Needless to say, because these are working for me doesn’t mean they will work for you. You will need to modify as appropriate for your use cases.

After almost 2 years of resisting the use of Python, I finally gave in in order to be able to take advantage of the Marker and PyMuPDF markdown extractors. I run all the Python code in Docker containers.

I also needed to modify my system to allow for queued processing of text extractions as Marker markdown can take anywhere from a few minutes to over an hour.

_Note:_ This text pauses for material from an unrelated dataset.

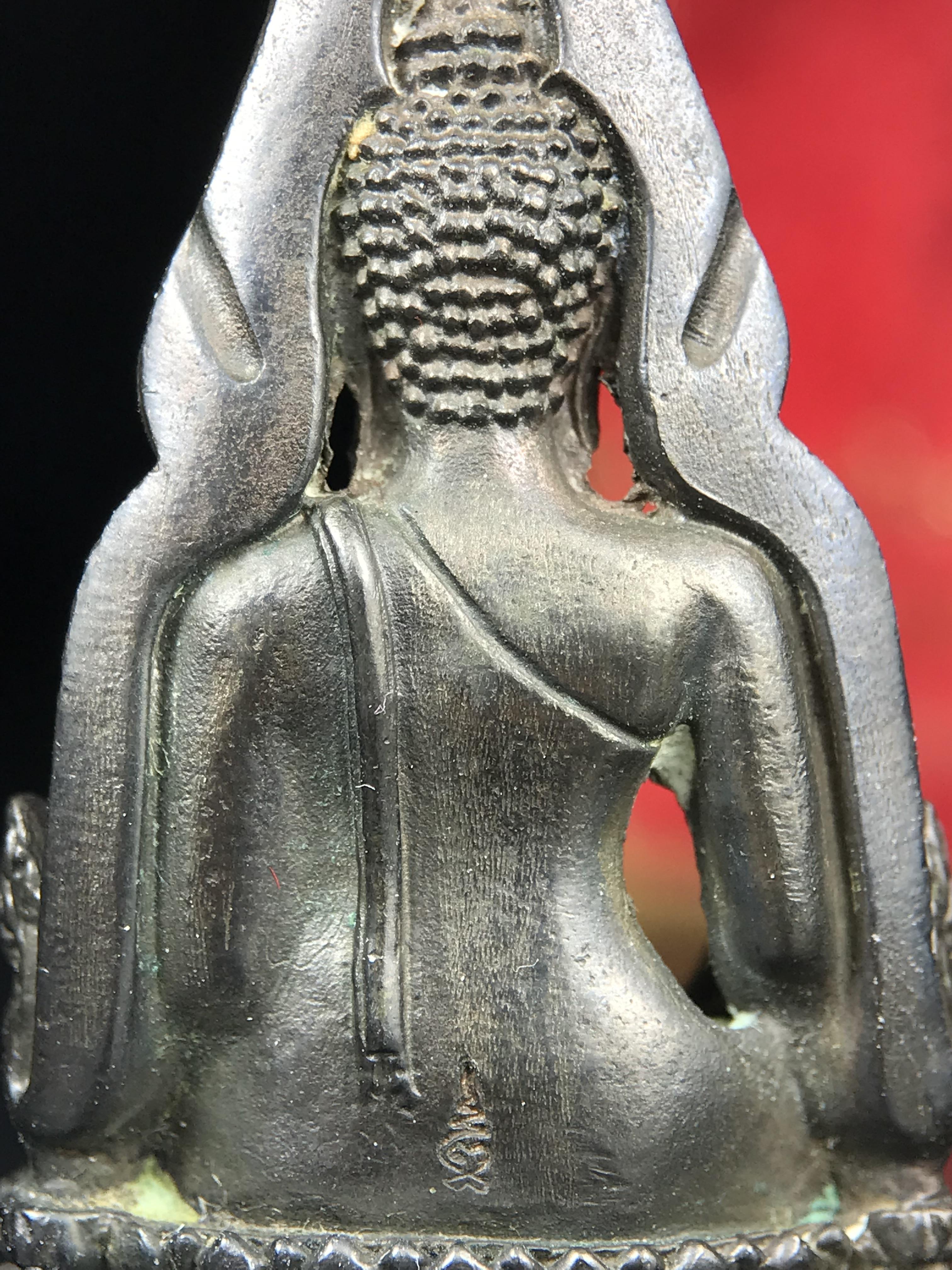 พระพุทธชินราชอินโดจีนมหาจักรพรรดิ อนุสรณ์ 100 ปี พิษณุโลกพิทยาคม (โรงเรียนชาย) พิธีจักรพรรดิมหาพุทธาภิเษก ปี 2542 เนื้อนวโลหะ(เต็มสูตรแก่ทองคำ) พิธีใหญ่มวลสารดีเกจิอาจารย์ยอดนิยมร่วมปลุกเสก*** ตอกโค้ดและหมายเลข*** 1 ใน 999 องค์ ยอดนิยมหายาก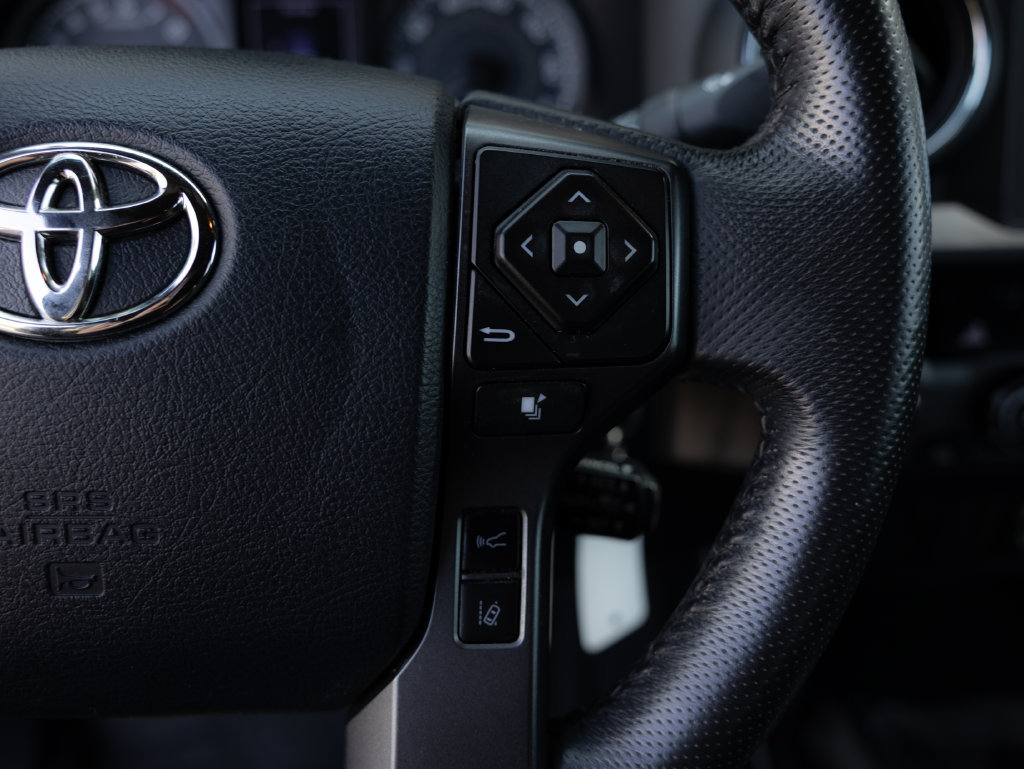 Used 2018 Toyota Tacoma TRD Sport AWD/4WD image 12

I have discussed why I believe this process is superior to most existing methodologies here: Using gpt-4 API to Semantically Chunk Documents - #112 by SomebodySysop

This could very well change in the future, but for now, I’m pleased with the results.

I’ve already posted several examples of test inputs and outputs in this thread. Moving forward, I will continue to post examples. It is currently installed as part of my embedding pipeline, so I will get a very good picture of what works and what doesn’t work.

Many thanks to all who have contributed to this discussion, which as been a tremendous help in getting to this point.


Have you considered using JSON mode? I believe it is now also available in Gemini if that is the model you are currently using. It’s certainly available for the GPT-4 models and I have been using it for my outlines, which has helped to create stability in the output.

Having used “my version” of the outline creating / chunking process now a few weeks in production as a backbone for a number of different processes, I also agree that I am seeing good and fairly consistent results.

In retrospect, realizing that we can entirely rely on start lines identification in the API call for the hierarchical segmentation, had a profound positive impact on the approach.

In any case, congrats. :slight_smile:

I continue to work on my latest project on comparative analysis as we speak and hopefully will share more details on what that looks like in practice in the coming 1-2 weeks.


Ran into my first issue. Sometimes I get PDFs that have lines of text crossed out like this:

This is my output:

I’m not sure how, or even if there is a way to handle. PdfToText and PyMuPDF create garbled text. Marker appears to remove text, but it also removed the table. Solr seems to be the only extractor that interprets the text, but then that changes the meaning of the embedding where what we really want to say is that this text is no longer valid.

Any suggestions?

I did try it with Gemini early on. Not sure why I stopped. But, that’s a good idea. Thanks!

1 Like

Ouf! That’s an interesting one. No immediate idea springs to mind but I want to give it some thought. Is your intention to keep the crossed out text for reference or do you want to eliminate it?